This year marks the 40th anniversary of Mars Hill Productions! In this devotional series, president, Fred Carpenter is reflecting on the important lessons of God that have guided us in ministry and led us into a deeper understanding of His ways.

In our last two devotionals, we discussed the importance of honest and authentic communication in the body of Christ. Along the way, we touched briefly on the question of what it means to be an “authentic Christian.” Today, we’ll dig a little deeper into that subject.

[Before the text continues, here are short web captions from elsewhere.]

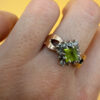 Silver ring with 14K gold plating and peridot, size O#114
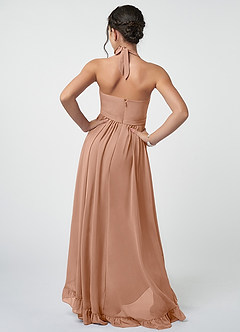 Azazie Hermione Junior Champagne Rose A-Line Chiffon Dress image3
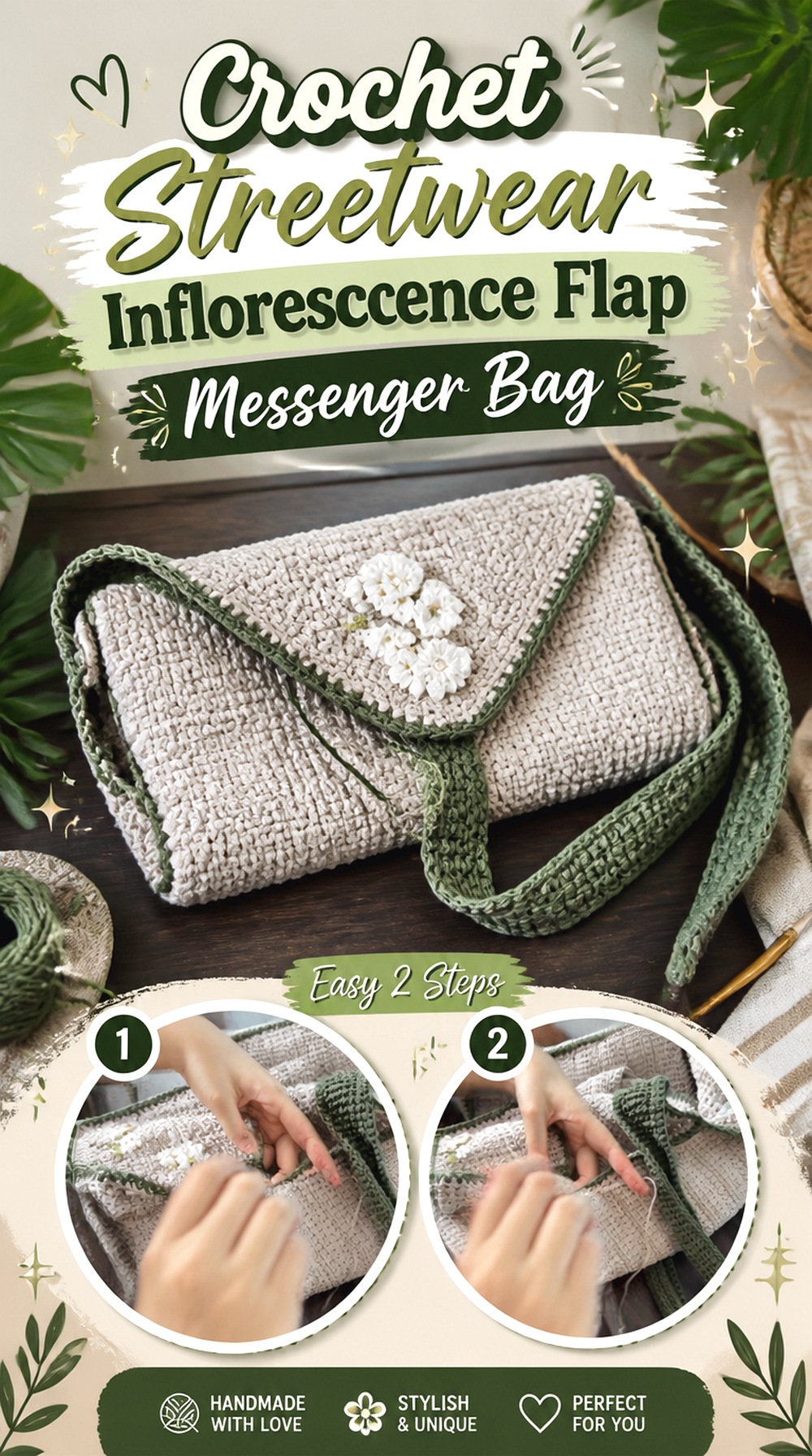 Crochet Streetwear Inflorescence Flap Messenger Bag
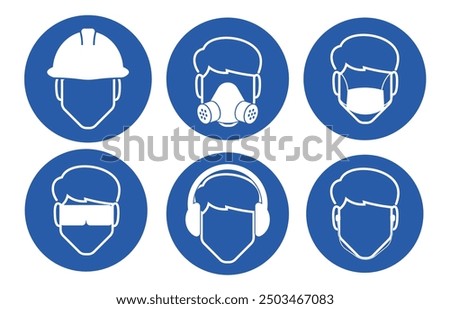 Bundle isolated blue circle head protection sign, helmet, google, ears cup, mask, respirator mandatory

As was noted in our discussion, there are thousands of books and sermons addressing what it means to be an authentic Christian, even though the term never actually appears in the Bible. Most writers and expositors define an authentic Christian in terms of performance (what a person does, or how he/she behaves.)  However looking at the primary definition of “authentic”; of undisputed origin, we concluded that authenticity as a Christian has more to do with nature than performance. As we discussed, just as an authentic apple tree will ultimately bear apples, so also, an authentic Christian will ultimately be inclined to walk in a manner that is consistent with his/her nature.

What then is an “authentic Christian?” Ontology is the study of the nature of being. An ontologist would tell us there is a significant relationship between the nature of a being and the life of a being. So, in order to understand the nature, and hopefully the definition, of an “authentic Christian,” let’s look at a word that does appear in Scripture; “life.”

In the New Testament, three Greek words are translated as the word, life.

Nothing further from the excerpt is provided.